A religião exerceu uma profunda influência na gênese da filosofia grega, e, por conseqüência, na filosofia ocidental. Mas quando se fala da religião helênica, se faz necessário distinguir entre a religião pública, que teve seu modelo na representação dos deuses e do culto que foi legado por Homero, e adotada pela maioria da população pela sua simplicidade explicativa dos fenômenos naturais e humanos,antropomorfizando-os, e a chamada religião dos mistérios. Apesar de serem religiões com pontos em comum, há importantes diferenças entre estas duas formas de religiosidade (como, por exemplo, a concepção de homem, do sentido da vida e o destino último da alma humana). Ambas as formas de religiosidade são fundamentais para a gênese da filosofia grega, mas a segunda forma se destaca muito mais nesta gênese que a primeira. em todos os gregos consideravam críveis ou aceitáveis os pressupostos da religião pública, recheada de deuses bastante humanos. Por isso, em círculos restritos, desenvolveram-se os chamados "mistérios", com elementos da religiosidade oriental, tendo suas crenças mais logicamente enlaçadas e seus próprios rituais reconhecidamente simbólicos e com forte conteúdo arquetípico-psicológico. O orfismo é particularmente importante porque introduz na civilização grega uma nova interpretação da existência humana (Reale & Antiseri, 1990). Enquanto a concepção tradicional, desde Homero, considerava o homem com uma alma desconhecida, que se perdia na região do Hades após a morte, quase como um fim total da existência humana, o orfismo proclama a imortalidade da alma, sendo esta o que dá a persnonalidade do homem, herdeira de uma história e de um trajeto evolutivo, sempre se aperfeiçoando nesta e em inúmeras outras vidas, até que consiga se assemelhar ao máximo a Deus.

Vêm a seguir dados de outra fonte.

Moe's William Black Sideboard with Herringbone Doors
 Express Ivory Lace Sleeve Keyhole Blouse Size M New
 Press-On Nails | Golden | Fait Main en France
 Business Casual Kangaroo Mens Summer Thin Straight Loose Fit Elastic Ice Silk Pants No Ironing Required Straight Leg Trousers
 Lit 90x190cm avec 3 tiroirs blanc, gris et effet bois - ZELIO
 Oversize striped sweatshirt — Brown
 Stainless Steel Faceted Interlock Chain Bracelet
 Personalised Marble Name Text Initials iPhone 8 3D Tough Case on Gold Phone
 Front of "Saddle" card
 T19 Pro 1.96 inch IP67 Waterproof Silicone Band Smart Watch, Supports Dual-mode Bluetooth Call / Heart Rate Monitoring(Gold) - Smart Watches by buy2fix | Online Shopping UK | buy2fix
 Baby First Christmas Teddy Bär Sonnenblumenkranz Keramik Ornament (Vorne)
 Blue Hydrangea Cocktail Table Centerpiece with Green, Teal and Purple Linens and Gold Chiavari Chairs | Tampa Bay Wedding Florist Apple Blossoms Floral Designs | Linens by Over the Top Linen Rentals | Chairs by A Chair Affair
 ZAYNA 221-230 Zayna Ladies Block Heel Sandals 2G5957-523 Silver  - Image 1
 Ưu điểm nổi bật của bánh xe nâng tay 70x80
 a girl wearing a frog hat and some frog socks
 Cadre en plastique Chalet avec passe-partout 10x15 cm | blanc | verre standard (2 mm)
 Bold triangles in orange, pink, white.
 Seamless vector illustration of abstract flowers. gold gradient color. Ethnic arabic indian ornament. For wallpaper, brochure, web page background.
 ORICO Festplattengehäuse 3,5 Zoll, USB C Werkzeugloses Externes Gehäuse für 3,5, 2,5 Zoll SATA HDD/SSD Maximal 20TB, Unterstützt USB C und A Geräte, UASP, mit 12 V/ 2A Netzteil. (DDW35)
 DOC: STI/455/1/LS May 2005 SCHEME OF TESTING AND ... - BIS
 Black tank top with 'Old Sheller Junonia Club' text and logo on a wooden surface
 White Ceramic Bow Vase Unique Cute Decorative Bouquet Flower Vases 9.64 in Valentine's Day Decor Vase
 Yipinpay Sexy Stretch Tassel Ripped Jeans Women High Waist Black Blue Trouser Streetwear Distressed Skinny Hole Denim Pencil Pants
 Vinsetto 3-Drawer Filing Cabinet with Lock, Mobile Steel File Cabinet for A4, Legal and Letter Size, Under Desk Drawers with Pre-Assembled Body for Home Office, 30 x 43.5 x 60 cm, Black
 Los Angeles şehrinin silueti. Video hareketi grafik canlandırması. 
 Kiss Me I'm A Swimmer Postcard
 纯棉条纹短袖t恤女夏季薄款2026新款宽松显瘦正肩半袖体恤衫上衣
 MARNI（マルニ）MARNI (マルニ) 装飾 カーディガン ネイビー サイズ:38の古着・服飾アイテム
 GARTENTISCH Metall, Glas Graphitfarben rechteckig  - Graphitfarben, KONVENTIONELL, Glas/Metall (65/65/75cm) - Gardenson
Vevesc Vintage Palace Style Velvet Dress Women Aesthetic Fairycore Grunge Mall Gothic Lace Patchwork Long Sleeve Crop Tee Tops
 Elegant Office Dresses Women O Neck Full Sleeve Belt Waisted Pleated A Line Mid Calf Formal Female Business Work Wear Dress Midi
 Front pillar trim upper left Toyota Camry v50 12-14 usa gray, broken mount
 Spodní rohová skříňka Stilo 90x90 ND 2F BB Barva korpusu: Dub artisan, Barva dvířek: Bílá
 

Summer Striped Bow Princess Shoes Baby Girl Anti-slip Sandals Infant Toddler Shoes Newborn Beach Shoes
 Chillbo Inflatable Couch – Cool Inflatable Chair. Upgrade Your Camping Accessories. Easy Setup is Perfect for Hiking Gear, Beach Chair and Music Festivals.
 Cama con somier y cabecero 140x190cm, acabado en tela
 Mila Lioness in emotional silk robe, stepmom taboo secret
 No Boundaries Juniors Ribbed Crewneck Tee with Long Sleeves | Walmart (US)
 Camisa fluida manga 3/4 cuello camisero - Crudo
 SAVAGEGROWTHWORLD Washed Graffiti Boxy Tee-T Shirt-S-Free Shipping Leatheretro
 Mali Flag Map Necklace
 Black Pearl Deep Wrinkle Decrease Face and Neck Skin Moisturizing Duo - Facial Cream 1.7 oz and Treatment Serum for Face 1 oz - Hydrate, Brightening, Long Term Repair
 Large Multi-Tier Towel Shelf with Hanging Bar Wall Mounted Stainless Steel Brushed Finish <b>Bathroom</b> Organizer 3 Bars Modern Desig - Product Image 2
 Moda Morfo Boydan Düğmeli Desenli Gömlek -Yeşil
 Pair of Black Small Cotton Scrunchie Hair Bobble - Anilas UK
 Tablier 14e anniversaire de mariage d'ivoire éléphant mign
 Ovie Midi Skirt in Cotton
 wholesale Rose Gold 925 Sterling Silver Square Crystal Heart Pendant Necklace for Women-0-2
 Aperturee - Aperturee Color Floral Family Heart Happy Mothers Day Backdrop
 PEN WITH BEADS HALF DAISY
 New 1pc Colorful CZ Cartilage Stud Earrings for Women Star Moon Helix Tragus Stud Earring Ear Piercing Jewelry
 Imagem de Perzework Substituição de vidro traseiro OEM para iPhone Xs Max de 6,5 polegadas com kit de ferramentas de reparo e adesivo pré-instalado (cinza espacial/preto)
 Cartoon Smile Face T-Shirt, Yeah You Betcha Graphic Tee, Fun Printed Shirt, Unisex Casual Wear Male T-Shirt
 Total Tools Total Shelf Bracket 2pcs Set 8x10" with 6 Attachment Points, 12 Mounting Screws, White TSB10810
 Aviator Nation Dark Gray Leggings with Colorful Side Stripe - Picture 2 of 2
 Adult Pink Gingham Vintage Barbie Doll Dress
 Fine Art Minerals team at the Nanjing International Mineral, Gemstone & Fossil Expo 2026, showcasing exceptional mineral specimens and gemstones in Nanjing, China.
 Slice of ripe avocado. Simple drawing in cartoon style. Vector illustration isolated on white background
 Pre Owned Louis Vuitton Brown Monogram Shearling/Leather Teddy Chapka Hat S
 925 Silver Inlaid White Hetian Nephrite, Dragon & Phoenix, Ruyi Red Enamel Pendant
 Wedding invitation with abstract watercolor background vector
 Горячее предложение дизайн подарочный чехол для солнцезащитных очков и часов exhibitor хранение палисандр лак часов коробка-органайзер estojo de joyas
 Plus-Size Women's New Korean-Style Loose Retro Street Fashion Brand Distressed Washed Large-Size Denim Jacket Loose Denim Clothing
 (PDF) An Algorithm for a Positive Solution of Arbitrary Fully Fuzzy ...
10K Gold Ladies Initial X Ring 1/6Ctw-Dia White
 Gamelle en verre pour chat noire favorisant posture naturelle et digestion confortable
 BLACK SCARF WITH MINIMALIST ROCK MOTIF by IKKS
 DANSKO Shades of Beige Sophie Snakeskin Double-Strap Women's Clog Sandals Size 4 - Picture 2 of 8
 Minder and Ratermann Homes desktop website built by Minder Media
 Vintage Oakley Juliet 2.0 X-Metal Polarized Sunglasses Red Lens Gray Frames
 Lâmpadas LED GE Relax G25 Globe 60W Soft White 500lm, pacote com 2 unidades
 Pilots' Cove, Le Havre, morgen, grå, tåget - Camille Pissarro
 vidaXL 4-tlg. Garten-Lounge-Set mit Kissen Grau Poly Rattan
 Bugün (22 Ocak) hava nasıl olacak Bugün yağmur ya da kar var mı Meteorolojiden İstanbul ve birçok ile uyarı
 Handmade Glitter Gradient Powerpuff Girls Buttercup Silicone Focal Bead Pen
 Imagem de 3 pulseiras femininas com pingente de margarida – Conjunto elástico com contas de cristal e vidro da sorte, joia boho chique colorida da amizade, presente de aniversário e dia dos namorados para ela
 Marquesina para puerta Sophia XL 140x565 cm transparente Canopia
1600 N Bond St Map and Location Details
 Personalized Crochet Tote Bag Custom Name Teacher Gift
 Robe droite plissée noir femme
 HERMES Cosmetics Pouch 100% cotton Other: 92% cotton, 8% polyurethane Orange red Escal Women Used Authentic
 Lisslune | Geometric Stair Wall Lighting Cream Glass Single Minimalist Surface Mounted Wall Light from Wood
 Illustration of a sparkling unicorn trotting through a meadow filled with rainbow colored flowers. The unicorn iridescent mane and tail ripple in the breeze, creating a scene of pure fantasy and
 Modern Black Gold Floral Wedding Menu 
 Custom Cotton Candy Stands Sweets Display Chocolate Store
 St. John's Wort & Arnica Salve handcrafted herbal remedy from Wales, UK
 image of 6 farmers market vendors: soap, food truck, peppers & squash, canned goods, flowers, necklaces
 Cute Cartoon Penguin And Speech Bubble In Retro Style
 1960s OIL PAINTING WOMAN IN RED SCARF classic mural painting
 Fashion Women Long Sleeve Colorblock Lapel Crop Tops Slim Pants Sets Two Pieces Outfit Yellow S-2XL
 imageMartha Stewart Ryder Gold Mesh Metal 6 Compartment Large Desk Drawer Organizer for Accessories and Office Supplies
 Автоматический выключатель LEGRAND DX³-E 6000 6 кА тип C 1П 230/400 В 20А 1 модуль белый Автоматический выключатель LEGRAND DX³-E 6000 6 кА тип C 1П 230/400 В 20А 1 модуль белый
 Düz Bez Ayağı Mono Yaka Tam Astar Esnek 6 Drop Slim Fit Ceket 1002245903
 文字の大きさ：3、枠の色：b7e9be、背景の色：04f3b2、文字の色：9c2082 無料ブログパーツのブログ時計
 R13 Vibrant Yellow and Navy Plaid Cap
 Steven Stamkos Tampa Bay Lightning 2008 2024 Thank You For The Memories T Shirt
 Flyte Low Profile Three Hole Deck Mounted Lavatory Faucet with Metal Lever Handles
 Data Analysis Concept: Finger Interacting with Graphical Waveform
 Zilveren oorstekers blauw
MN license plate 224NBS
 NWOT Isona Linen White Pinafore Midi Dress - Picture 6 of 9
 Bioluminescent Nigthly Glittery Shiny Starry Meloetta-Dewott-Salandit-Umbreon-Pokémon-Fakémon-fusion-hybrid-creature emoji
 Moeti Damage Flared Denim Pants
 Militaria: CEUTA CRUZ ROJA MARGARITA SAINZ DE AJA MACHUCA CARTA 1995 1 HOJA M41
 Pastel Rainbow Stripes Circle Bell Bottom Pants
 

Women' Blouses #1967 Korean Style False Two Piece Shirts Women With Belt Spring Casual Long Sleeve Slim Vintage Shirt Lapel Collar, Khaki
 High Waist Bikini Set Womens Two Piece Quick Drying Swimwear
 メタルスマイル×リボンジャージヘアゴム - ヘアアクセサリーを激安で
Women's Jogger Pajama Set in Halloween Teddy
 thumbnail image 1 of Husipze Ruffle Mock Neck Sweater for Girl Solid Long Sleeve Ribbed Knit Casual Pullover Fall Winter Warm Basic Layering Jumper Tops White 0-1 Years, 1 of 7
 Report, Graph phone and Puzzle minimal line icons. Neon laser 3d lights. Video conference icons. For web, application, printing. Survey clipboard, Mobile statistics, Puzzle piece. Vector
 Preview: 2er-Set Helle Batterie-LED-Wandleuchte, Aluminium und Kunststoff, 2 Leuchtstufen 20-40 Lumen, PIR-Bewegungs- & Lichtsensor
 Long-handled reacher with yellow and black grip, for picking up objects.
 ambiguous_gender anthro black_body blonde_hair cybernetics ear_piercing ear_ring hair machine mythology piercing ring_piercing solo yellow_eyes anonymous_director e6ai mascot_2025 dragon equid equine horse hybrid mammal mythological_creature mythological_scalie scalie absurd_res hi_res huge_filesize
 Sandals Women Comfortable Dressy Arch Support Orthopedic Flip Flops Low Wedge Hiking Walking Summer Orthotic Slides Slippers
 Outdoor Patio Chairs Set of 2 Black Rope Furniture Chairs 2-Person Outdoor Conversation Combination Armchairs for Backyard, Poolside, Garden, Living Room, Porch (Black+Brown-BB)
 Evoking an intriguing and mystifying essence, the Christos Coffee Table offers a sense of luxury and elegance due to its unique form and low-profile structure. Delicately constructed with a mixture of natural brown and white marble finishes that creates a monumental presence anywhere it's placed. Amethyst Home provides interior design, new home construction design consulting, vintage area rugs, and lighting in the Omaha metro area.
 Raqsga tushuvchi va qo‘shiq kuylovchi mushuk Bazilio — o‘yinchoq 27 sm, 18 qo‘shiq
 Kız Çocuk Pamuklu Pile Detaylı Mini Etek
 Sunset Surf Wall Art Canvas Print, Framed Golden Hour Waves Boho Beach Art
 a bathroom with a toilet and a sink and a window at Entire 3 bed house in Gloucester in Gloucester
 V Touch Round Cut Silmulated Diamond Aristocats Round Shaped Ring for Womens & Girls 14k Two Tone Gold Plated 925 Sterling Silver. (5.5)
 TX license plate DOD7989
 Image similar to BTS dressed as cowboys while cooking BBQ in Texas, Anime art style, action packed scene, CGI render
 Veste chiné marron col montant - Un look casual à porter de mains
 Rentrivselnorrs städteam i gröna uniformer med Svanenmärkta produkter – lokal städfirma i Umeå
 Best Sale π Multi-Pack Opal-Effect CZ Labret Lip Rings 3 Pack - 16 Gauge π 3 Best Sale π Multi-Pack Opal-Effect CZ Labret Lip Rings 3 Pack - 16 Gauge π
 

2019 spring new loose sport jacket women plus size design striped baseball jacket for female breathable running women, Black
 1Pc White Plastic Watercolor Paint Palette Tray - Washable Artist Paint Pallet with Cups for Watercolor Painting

Os principais elementos da doutrina órfica são:

a) No homem há um princípio divino, uma alma que caiu em um corpo para corrigir uma imperfeição.

b)Essa alma não só preexiste ao corpo como também sobrevive a ele, estando destinada a reencarnar em corpos sucessivos até que consiga depurar-se das imperfeições e dos erros que a fazem voltar ao mundo.

c)Com suas práticas e ritos simbólicos, o orfismo buscava despertar no homem a compreensão destas verdades, ajudando-o a tomar consciência do que e quem ele é, e motivando-o a tomar ânimo para ter o total controle de sua vida, aperfeiçoando-se e pondo fim ao ciclo das reencarnações - temos aqui, de alguma forma, um eco dos ensinos budistas.

Conhecemos algumas máximas órficas, que nos chegaram através de fragmentos encontrados em tabuinhas e em tumbas pertencentes a seguidores da doutrina. Algumas dessas máximas resumem muito bem o núcleo central de sua doutrina:

Alegra-te, tu que sofreste a paixão: antes, desconhecias o que era o sofrimento. De homem, nasceste Deus!".

"Feliz e bem-aventurado, serás Deus ao invés de um mero mortal! De homem, nascerás Deus, pois és filho do Divino!"

De um modo geral, a mensagem órfica é a de que todos somos deuses, por herança divina, e deveremos voltar a estar junto de Deus.

Sem o orfismo não se explicaria a filosofia e a doutrina de Pitágoras, nem a de Empédocles e, sobretudo, não se explicaria Sócrates e boa parte do pensamento de Platão, bem como de toda a tradição que deriva de ambos.